Basic Geophysical Data Acquisition and Processing
This course treats various geophysical methods, from gravity to magnetics, electrical, electro-magnetic, refraction and reflection seismic. It will be taught not only by explaining and discussing the methods, but above all by applying the theory in mainly Excel based assignments. Various kinds of geophysical data are available. They are usually separated into Non-seismic and Seismic data. Non-seismic data (gravity, magnetics, electrical, electromagnetics, spectral, etc.) is the main data used in shallow subsurface applications (engineering, mapping pollution, archaeology, etc.) and at the early exploration stage in the search for oil, gas or minerals. Seismic is the main subsurface evaluation tool for the EP industry, but it has its limitations. Therefore, non-seismic methods are used successfully as complementary tools at the more mature exploration stages and even for production. In combination with seismic data they can significantly reduce the uncertainty of subsurface models as they measure different physical properties of the subsurface. Controlled Source EM, for example, responds to reservoir resistivity and can thus be used to differentiate between hydrocarbons and brine in a geological structure mapped by seismic. The main topics covered by the programme are: • Gravity surveying • Magnetics surveying • Electrical surveying • Electro-Magnetic surveying, including Ground Penetrating Radar • Acquisition of shallow refraction seismic data • Acquisition of reflection seismic data • When to use 2D, 3D and 4D seismic / non-seismic • Principles of wave propagation • Basic designs of 2D and 3D seismic acquisition • Processing of seismic and GPR data with the objectives of improving signal-to-noise ratio, vertical and lateral resolution • From simple migration to Imaging • Result in depth (Time-to-Depth conversion) • What to spend on a new survey, be-it a new survey or a reprocessing or re-interpretation project. Hence, to determine whether the expected reward (increase in value) is higher than the cost of the project. In short, what is the value of the new information obtained (VOI: Value Of Information)
At the end of the course, participants will have a good understanding of what information various geophysical data can give and for what purposes it can be used. This will enable them to specify the requirements for a survey or a reprocessing or interpretation project, either done in-house or by a specialised service provider. Other benefits include: • Place and value geophysical activities in a multi-disciplinary context • Judge the merits of various geophysical techniques • Better liaise and collaborate with staff in related disciplines • Recognise artefacts and direct hydrocarbon indications on seismic • Value novel developments such as time lapse methods for hydrocarbon reservoir monitoring or pollution control.
• Part 1: The principles and limitations of Geophysical methods • Part 2: Gravity surveying, Magnetic surveying, Electrical surveying • Part 3: Electro-Magnetic surveying • Part 4: Seismic Refraction surveying • Part 5: Seismic Reflection surveying • Part 6: Value of undertaking a new project (VOI)

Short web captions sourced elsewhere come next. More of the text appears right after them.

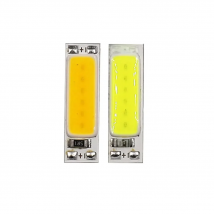 25x7mm COB LED Light  1W 3V LED Lamp Chip 25mm Super Tiny Bar Lights Warm Cold white for DIY Electronic products Signal Lighting
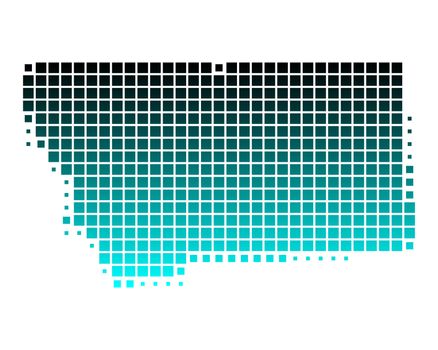 Map of Montana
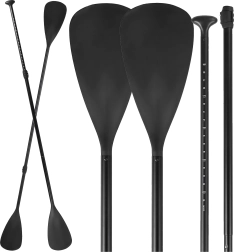 Opvouwbare aluminium peddel 2-in-1 voor SUP en kajak, 4-delig, verstelbaar 210 cm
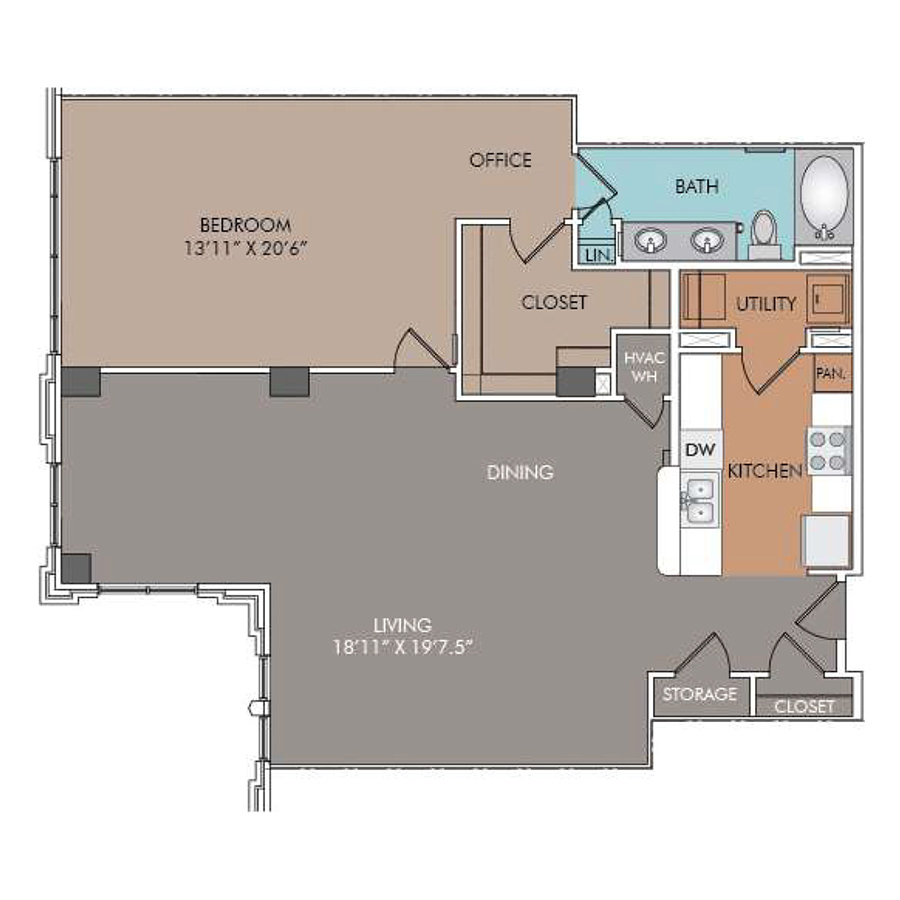 A2 floor plan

The course is designed for Geologists, Geophysicists and Petroleum Engineers involved in exploration and development of oil and gas fields and for those involved in projects related to the shallow subsurface (monitoring pollution). In addition, it would be useful for those dealing with the effects of production of a field (subsidence, earth tremors).
A reasonable level of understanding of mathematics and physics is assumed.
An Introduction to Geophysical Exploration, Kearey, Brooks, Hill, ISBNB0-632-04929
About the Instructor
Dr Jaap C. Mondt obtained a Bachelors degree in Geology at the University of Leiden followed by a Masters degree in Theoretical Geophysics and a PhD on “Full wave theory and the structure of the lower mantle” at the University of Utrecht. Dr Mondt then joined Shell Research in The Netherlands to develop methods to predict lithology and pore-fluid based on seismic, petrophysical and geological data. Subsequently he worked at Shell Expro in London to interpret seismic data from the Central North Sea Graben. After his return to The Netherlands, he headed a team for the development of 3D interpretation methods using multi-attribute statistical and pattern recognition analysis on workstations. After a period of Quality Assurance of “Contractor” software for seismic processing, he became responsible for Geophysics in the Shell Learning Centre. During that time he was in addition part-time professor in Applied Geophysics at the University of Utrecht. From 2001 till 2005 he worked on the development of Potential Field Methods (Gravity, Magnetics) and EM methods (CSEM) for detecting oil and gas. After his retirement from Shell, he founded his own company (Breakaway), specialised in courses on acquisition, processing and interpretation of geophysical data (seismic, gravity, magnetic and electromagnetic data). In addition to providing support to the Shell Learning Centre, he gives his own courses to International as well as National energy companies.